▶ _Task brief_
For the data that follows, return each line unchanged and drop the pictures.

--- Data ---

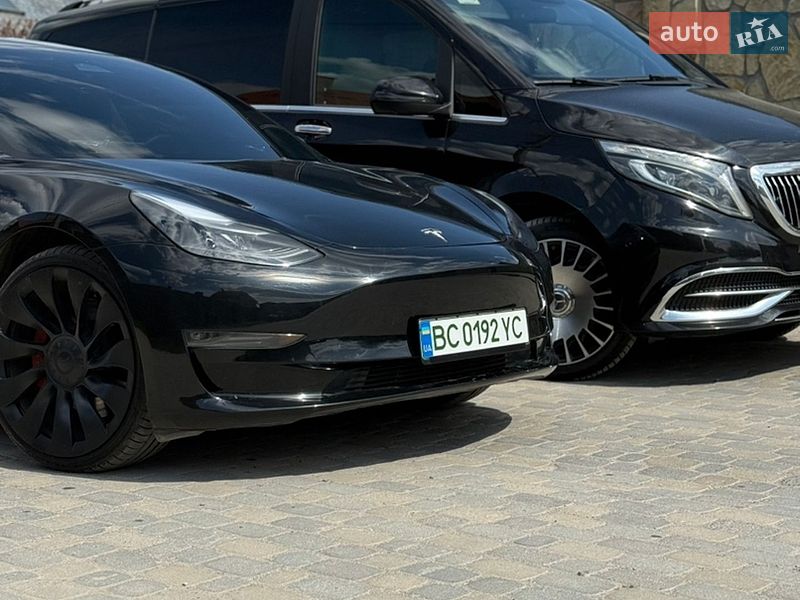 Седан Tesla Model 3 2023 в Львове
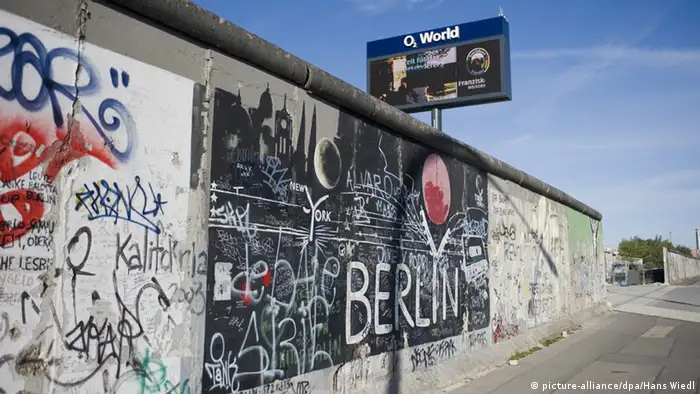 East Side Gallery Berlin Mauer Verfall
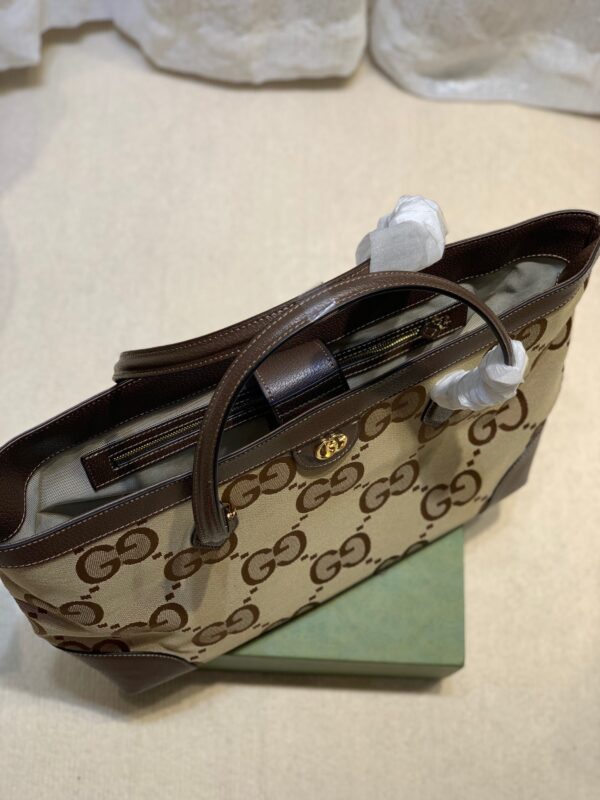 Jam5457  GUCCI   69.99$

---

▶ _Output of the task_
 Седан Tesla Model 3 2023 в Львове
 East Side Gallery Berlin Mauer Verfall
 Jam5457  GUCCI   69.99$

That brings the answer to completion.